Plight of the Children Impacted by Multiple Storms, Flooding
It is Tuesday evening and Esnat has just finished having her dinner together with her parents and siblings.
The normal night darkness has been abnormalized by the dark cloud that had impregnated the sky over Chikuse village in the lower-shire district of Chikwawa.
The 10-year-old Esnat goes to bed hoping to wake up the next day for school and other activities, little did she know that she will spend the next days away from her home.
Esnat took the rain drops that started falling on her roof as the normal rainfall up until around 9 O’clock when things turned haywire.
“I was asleep when my mother woke me up. I woke up and noticed that water had filled our house whose walls had started falling. Houses were demolished and all our possessions got washed away by the floods.
“I rushed to the tree which I climbed to survive. One of my siblings got washed away by the floods. I helplessly watched my sibling going down and there was nothing that we could do. I was touched and concerned to see her washed away and I am alive,” narrated the Standard 3 young girl.
“I spent the night in the tree while others stayed on the anthill all night long until the morning when we were rescued and taken to the camp. There were no boats at that time to rescue us. We only rescued a little maize which has already been finished,” she said.
That is how Esnat and her family found themselves at Chikuse evacuation camp after Tropical Cyclone Freddy devastated the area that night.
Life in the camp, she says, is not easy. More necessities such as food and clothing are lacking. After all, this is not her first time to be displaced by the floods.
“Last year I was also displaced by Tropical Storm Ana and I lived in the camp. Life has been so difficult to be in the camp every year. I did not do well last term in school. I was on position 23. This was due to the challenges that I went through,” she said.
Esnat is one of many children who have been displaced not only once, but many times in the district.
Chikwawa is one of the districts that are perennially hit hard by the floods because of its geographical location, a development which experts say affect education in the district. The district is ranked fourth worst performing district at 76.85 percent in the 2022 Primary School Leaving Certificate of Education examinations.
Chairperson for Chikuse camp, Paulo Ndamera, says about 75 percent of the children living in the camp get tempted to drop out of school because of the aftermath of the floods.
“My own child is refusing to go back to school because of persistent closures as a result of the floods. We have tried to reason with him but he says he cannot keep on getting disrupted by the floods,” he said.
Ndamera says life in the camp does not easily accommodate children's needs in education.
“It is difficult for a child who has gone through such experiences; losing property, relatives and even watching their relatives getting washed away to concentrate in class. It is even worse to get away with the trauma,” he said.
Samuel Banda, a caregiver at the camp, says that when schools are closed because of the floods, it is hard for the children to remember what they had previously learnt in class.
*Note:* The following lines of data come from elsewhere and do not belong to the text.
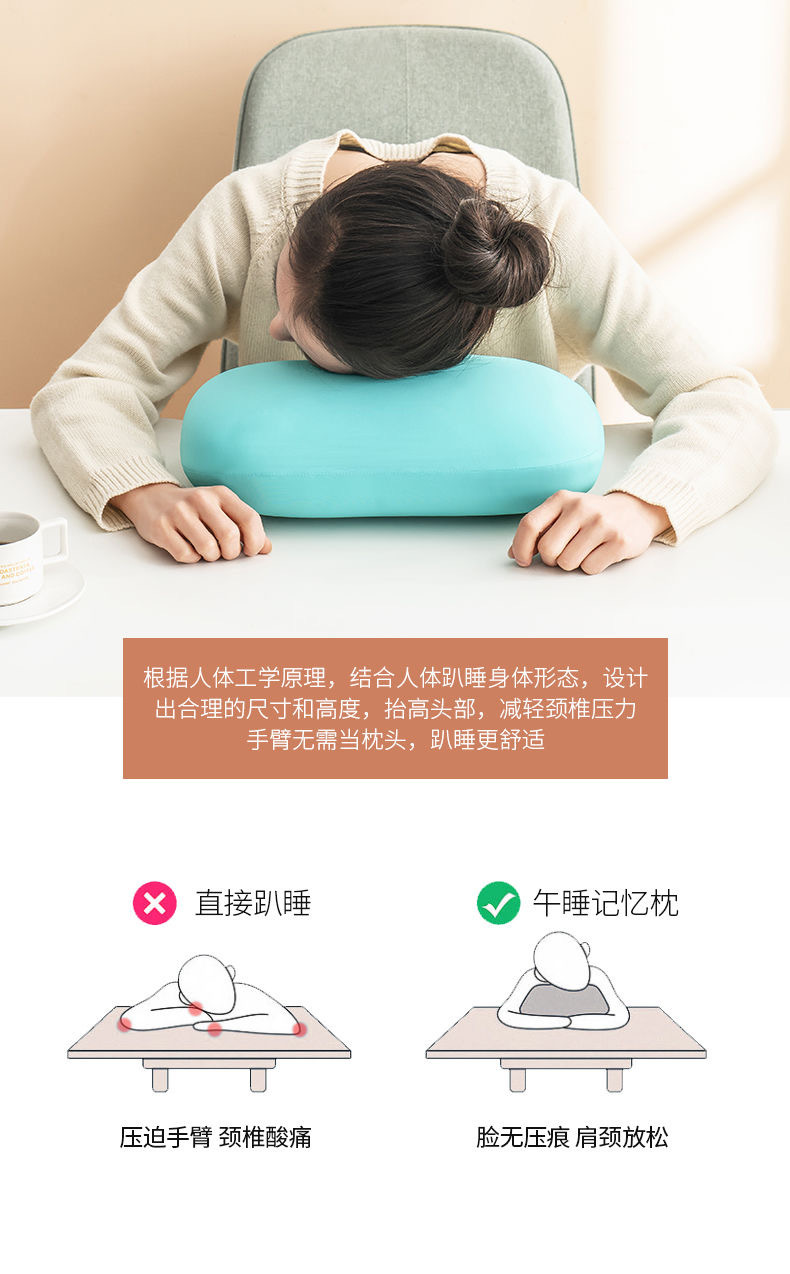 Multi-functional nap pillow, a sleeping wonder for student classrooms and offices, throw pillow, small pillow for midday rest on the desk, sofa cushion pic 4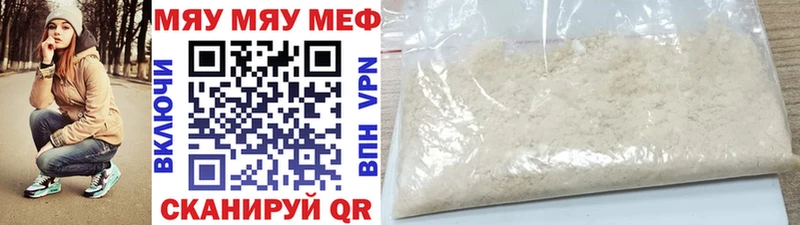 МЕФ мяу мяу  Дубовка 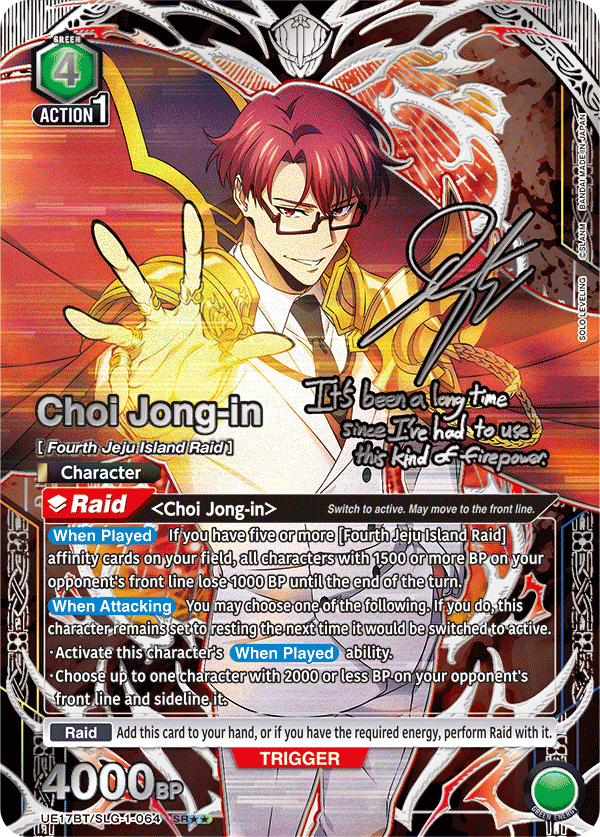 Choi Jong-in SR**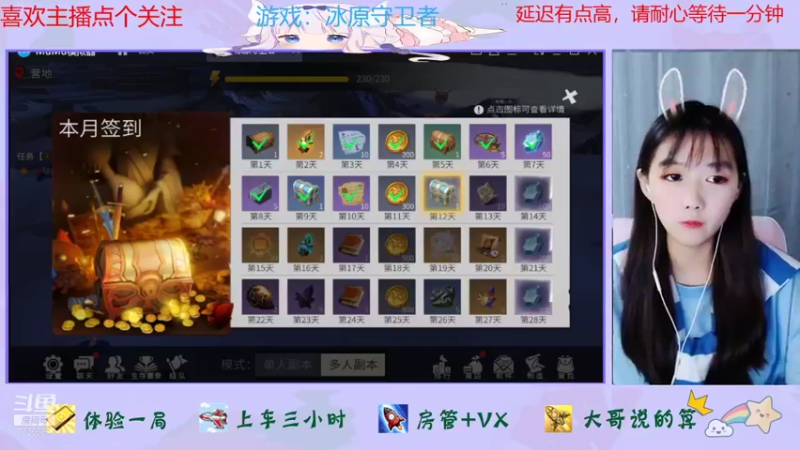 【2021-11-22 10点场】停留在雨中Cium：冰原守卫者来了，好久不见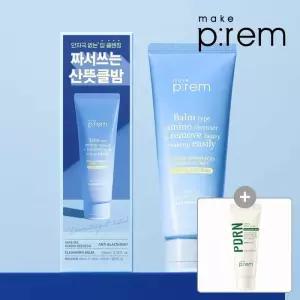 수분보충 [L포인트 최대3천원][공식]메이크프렘 아미노 클렌징 밤 100ml 2개 진정 쿨링 트러블피디알엔 클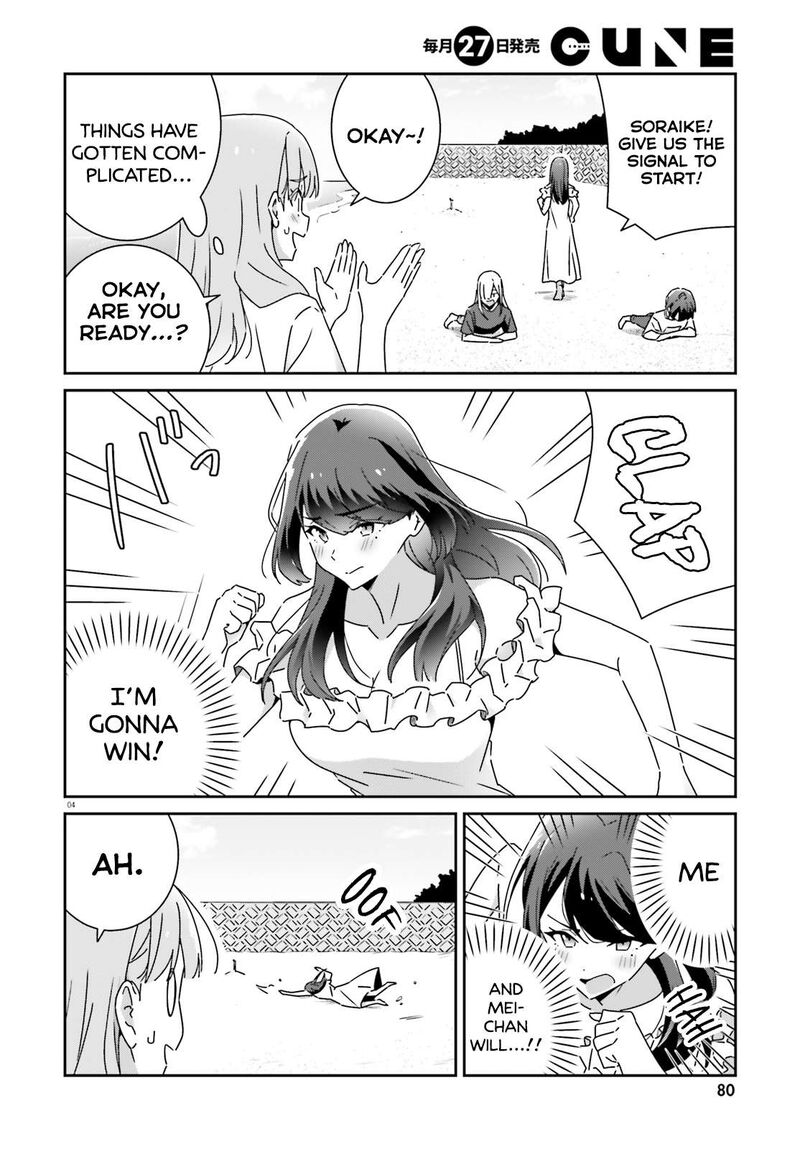 Dore Ga Koi Ka Ga Wakaranai 32 4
“It is retrogressive. Instead of thinking about lessons, children think about the tragedy and it is hard to move on. There is a case of one student who failed the Primary School Leaving Certificate of Education examinations because he was affected by the floods in 2019. The following year, he changed school to an area that is not flood prone. He did well and was selected to secondary school,” he said.
Banda added that “every child has their own living standards at their homes. It is difficult for them to change their environment because of a disaster and mix with other people from different backgrounds altogether. Opportunity to play in the camps is not there unlike at home where they are given free and safe space to play and concentrate on school.
“Some children faced a similar situation last year when Tropical Storm hit. Seven of them refused to go back to school because they could not stand the trauma. It took us to sit down and talk to them and they went back to school. They are now hit again this year by Freddy. It is not easy.”
When disasters such as this one strike, various quarters rush to support the survivors with various relief items; food and nonfood, and even cash.
Chikwawa District Social Welfare Officer, Aaron Macheka, says that “if you ask the people in the camps what kind of support they have received, they will mention soap, sugar, flour, plastic sheets and other items.
“Few of them will mention psychosocial support, yet this is the most important support that these people need because they lose their relatives and possessions and they suffer inside.”
Macheka, however, says that of all the support that government, individuals and organizations give to the survivors, Save the Children offers support that ensures that children continue playing and they are given psychosocial support.
“Save the Children with their early support helps them to settle down and children to forget the miseries they go through until they are fully settled. We need more psychosocial support,” he said.